Local agriculture industry workers have continued to work through the pandemic to ensure that local commodities reach the table of consumers around the world, but how difficult has this task been while implementing the many COVID-19 protocols required to mitigate the spread of the virus in the workplace?
Kurt Richter, general manager of Richter AG, said the COVID measures his company adopted in 2020 have served them well thus far.
“We’ve had a couple of employees contract COVID, but they’ve all followed the protocols, which we believe have kept us from widespread outbreaks within the company,” said Richter.
At the onset of the pandemic, Richter said his company began providing all workers with COVID-19 specific safety training and made ample sanitizing resources available to them, including various disinfectants, soaps and sanitizers. They also installed strict protocols for sick workers that require them to stay home if they feel any of the symptoms associated with coronavirus.
“We will continue to keep those measures in place, but I wouldn’t classify our attitude as ‘concerned,’” said Richter.
Richter said their farming practices, however, have remained unchanged outside of the ramped up workplace safety protocols.
Mitchell Yerxa, farm manager at River Vista Farms in Colusa, said anytime anyone on the ranch is in a car, vehicle, or enclosed building together, including the shop, they are required by the current state law to wear a mask.
“Outside of that, we are having anyone working in our shop take their temperature every morning before starting to ensure nothing there,” said Yerxa. “They are (also) receiving COVID tests before they can come back to work if they have been gone for the winter to Mexico or Los Angeles.”
According to Yerxa, they have also started placing black rubber sheets between individuals planting tomatoes so they have a physical barrier in place, which has provided a simple and safe solution for planting.
Yerxa said while he feels every fortunate that there have not been any virus outbreaks at River Vista Farms over the course of the pandemic, the bigger picture isn’t just “on the farm” – it’s all of the support industries that must work together to get the product from the field to the consumer.

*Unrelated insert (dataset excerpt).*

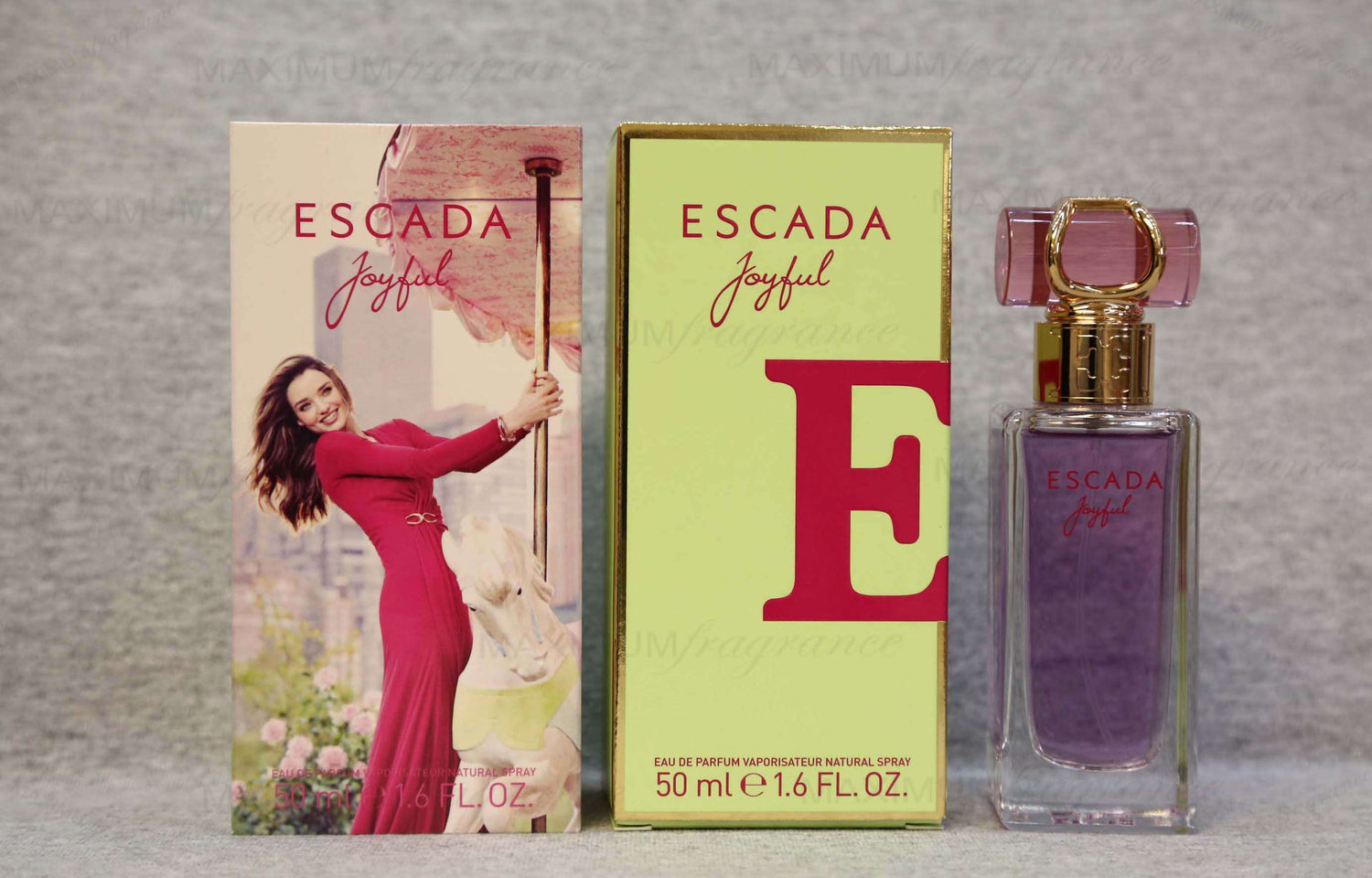 Joyful - Maximum Fragrance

Yerxa said there were tremendous difficulties in locating trucks and truckers to move hauls in 2020, especially in the tomato, almond and wine industries.
“So many loads were stalled or backlogged, which was awful for crops that need to be harvested when ripe and not much later,” said Yerxa. “Many truck drivers couldn’t work because their kids weren’t in school and they needed supervision.”

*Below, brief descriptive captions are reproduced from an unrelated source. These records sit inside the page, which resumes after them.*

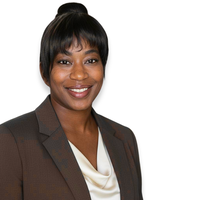Notary Public in PETERSBURG, Virginia 23803, Bridget Hamlin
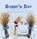 Bobby's Day, Sibylle von Olfers - Gebonden - 9781998157099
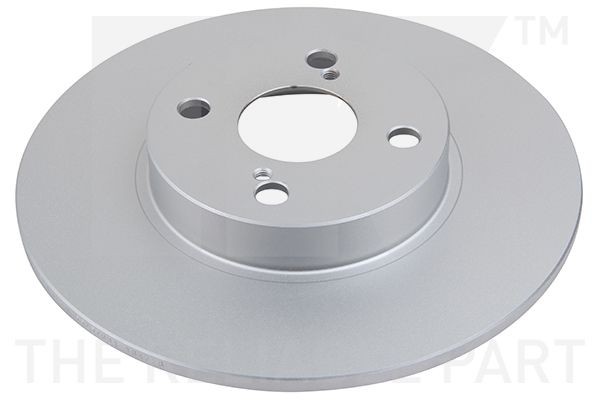 NK Δισκόπλακα 314587 Δισκόφρενα NK AVENSIS 314587 φθηνά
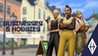 The Sims 4: Businesses & Hobbies Expansion Pack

Yerxa said it was also a challenge moving products into counties that were in and out of lockdown as well as restaurants that were bouncing back and forth between closure and capacity restrictions.
Yerxa said that, like the majority of people, the concern, fear and nervousness surrounding the virus has also impacted local agriculture workers.
“It wears on people, but as vaccines are starting to be administered I think the general public and the workforce is starting to feel more comfortable that there isn’t an imminent spread,” said Yerxa.
Colusa County Agricultural Commissioner Anastacia Allen said employee safety is always a concern and, like most everything else, COVID-19 risk mitigation measures are new to the agriculture industry
According to Allen, one specific challenge presented to growers throughout this pandemic is the availability to obtain personal protective equipment.
“Growers are very familiar with PPE and use it regularly for pesticide applications,” said Allen. “At the start of the pandemic, there was a rush on N-95 masks among other PPE regularly used by pesticide handlers. This made it difficult for them to continue to provide their employees with PPE to mix, load and apply chemicals.”
Allen said this was when the Department of Pesticide Regulation with the California Department of Food and Agriculture and the California Department of Public Health joined forces to acquire and distribute PPE to growers throughout the state.
While Allen said farming practices have not changed due to the pandemic, employers are now required to provide additional PPE to protect from COVID and this continues to be a high priority.
“We have helped support them in these efforts by distributing sanitation PPE – cloth masks, surgical masks, N-95 masks, hand sanitizer, face shields, gloves – to any grower or agricultural industry in need,” said Allen. “This was done in coordination with CDFA and CDPH specifically for the agricultural industry.”
According to Allen, much of agricultural work during this season is done outdoors where social distancing and minimum physical contact is normal so employees are asked to continue to practice safe COVID protocols for their own protection as well as that of the public while the continued shutdowns are in place.
“With everything closing down and stopping in the world around us, one thing that doesn’t stop is the seasons,” said Allen. “As long as the seasons continue to change, farmers will continue to farm because we need to eat. And as long as they are farming, the Agricultural Commissioner’s offices will continue to do their part to protect and promote agriculture, protect the citizens and the environment we serve in.”